[Exercise]: Images are to be left out; everything else in the records gets copied exactly.

[Input]:
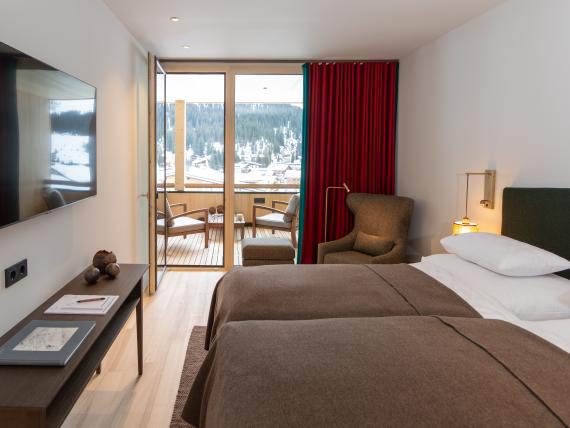 Apartment Chalet mit Lodge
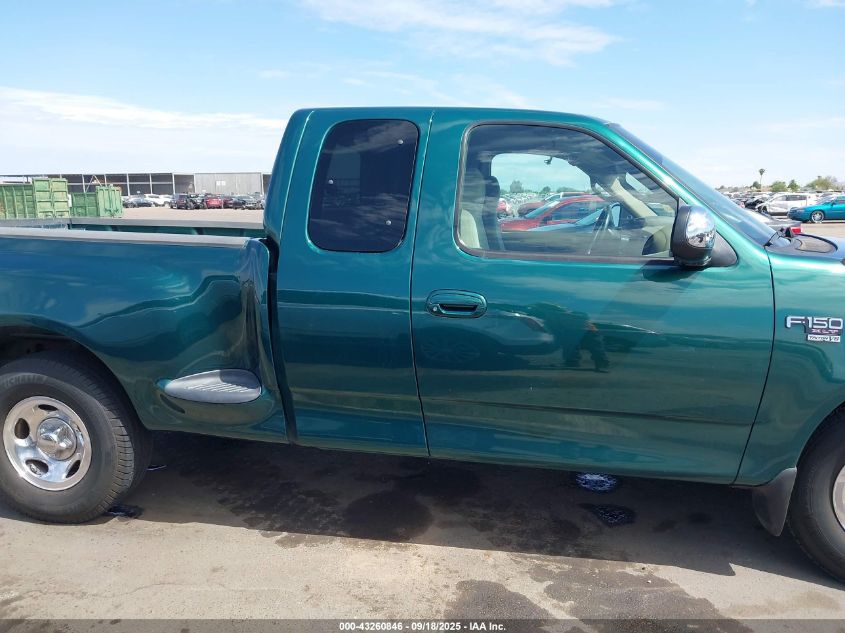 2000 Ford F-150 Lariat/Xl/Xlt VIN: 1FTRX07L2YKA29325 Lot: 43260846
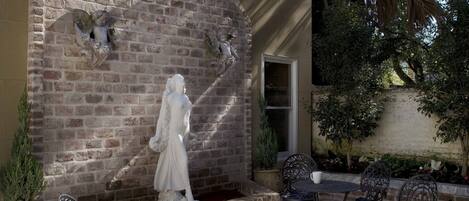 Restauration en plein air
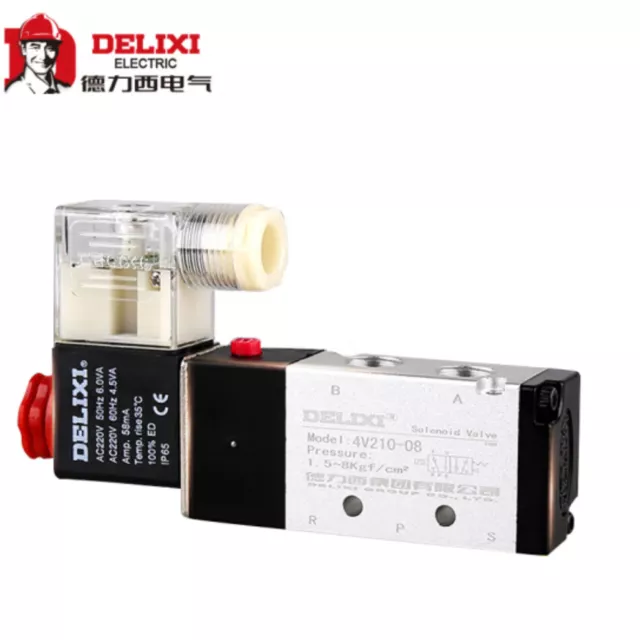 Solenoid valve Pneumatic control valve Air exchange valve 4V 110/210/310/410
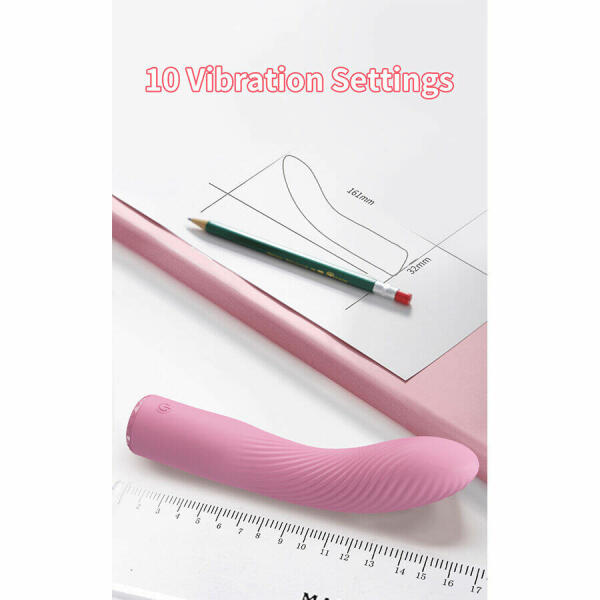 PRETTY LOVE - KISELL G-SPOT PINK VIBRATOR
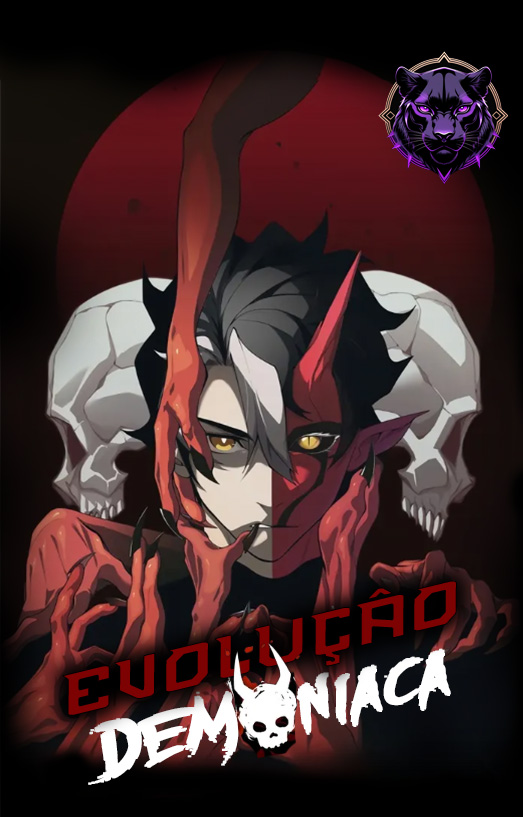 Capa de Evolução Demoníaca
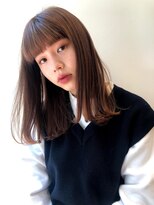 ビュートリアム ギンザ(BEAUTRIUM)&nbsp;いつまでもまとまる＊大人ミディアムヘア〔銀座/新橋/有楽町〕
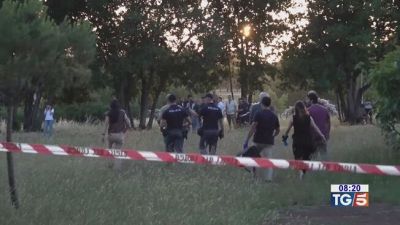 Giallo Villa Pamphili identificata la donna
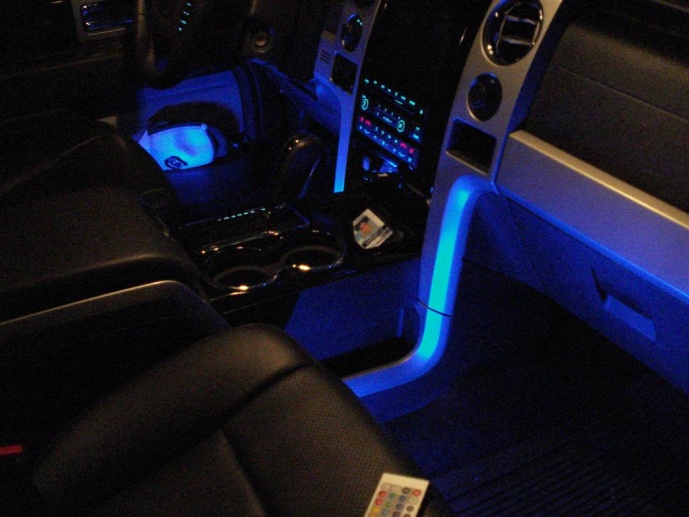 Ford ambient light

[Solution below]:
 Apartment Chalet mit Lodge
 2000 Ford F-150 Lariat/Xl/Xlt VIN: 1FTRX07L2YKA29325 Lot: 43260846
 Restauration en plein air
 Solenoid valve Pneumatic control valve Air exchange valve 4V 110/210/310/410
 PRETTY LOVE - KISELL G-SPOT PINK VIBRATOR
 Capa de Evolução Demoníaca
 ビュートリアム ギンザ(BEAUTRIUM)&nbsp;いつまでもまとまる＊大人ミディアムヘア〔銀座/新橋/有楽町〕
 Giallo Villa Pamphili identificata la donna
 Ford ambient light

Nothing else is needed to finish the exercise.